/ 24 March 2017

Africa needs free movement

African migrants at a temporary camp of safety in Primrose
African migrants at a temporary camp of safety in Primrose

I am one of those who are actively committed to the idea of a borderless Africa.

I believe in the project of an African nationality as articulated by the best of our thinkers in the continent and in the diaspora since the 19th century.

This project includes the possibility for people of African descent scattered throughout the world to resettle in Africa if so they wish.

This is what the 2000 Ghana Immigration Act calls “the right of abode”.

Last weekend, I attended a policy conference on international migration in Sandton at which Home Affairs Minister Malusi Gigaba gave a rousing speech.

Since taking over the department of home affairs, Gigaba has been outspoken about the fact that “South Africa is an African country in Africa”.

“Our first focus,” he has consistently argued, “is Africa.” He has gone as far as calling for an “Afrocentric” international migration policy.

In so doing, he has thrown to all of us who care a challenge that is not only a policy challenge, but also an intellectual one and it is in relation to the intellectual nature of this challenge that what follows makes sense.

An Africa-centered international migration policy requires a radical altering of the South African legal immigration framework.

In spite of consecutive amendments since the advent of democracy, the latter is still in spirit and in soul too reliant on colonial and apartheid-era racial assumptions.

At their core, colonial and apartheid-era immigration policies were explicitly anti-African and anti-black.

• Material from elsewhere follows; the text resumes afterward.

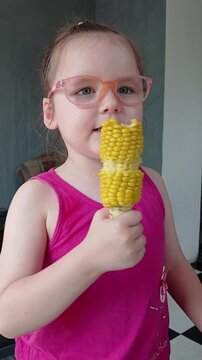 Funny video. A 4-year-old girl sings and speaks into an imaginary microphone (corncob), then starts to nibble on it.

It hardly mattered where they came from.

Whites entered South Africa through the front door; blacks from other African countries through the back door, Indians as indentured labour and native black South Africans through the dark tunnel of the pass system.

Gigaba’s call for an Africa-centered international migration policy requires a genuine change of paradigm in the management of intra-African migration.

The same change of paradigm is necessary if we are to contribute meaningfully to the unfolding global debate on human mobility in this age of planetary entanglement.

In a world in which arrest, detention, incarceration (including at sea), abandonment and deportation are seen as the most efficient ways of dealing with economic migrants, refugees and asylum seekers, we should draw from our own historical experience as African and diasporic people, and articulate a proposal for ourselves and for the world that is radically different from the anti-humanist norms and practices prevalent on matters concerning the management of human mobility.

At a deep historical level, African and diasporic struggles for freedom and self-determination have always been intertwined with the aspiration to move unchained.

Whether under conditions of slavery (Atlantic and trans-Saharan) or under colonial rule, the loss of our sovereignty automatically resulted in the loss of our right to free movement.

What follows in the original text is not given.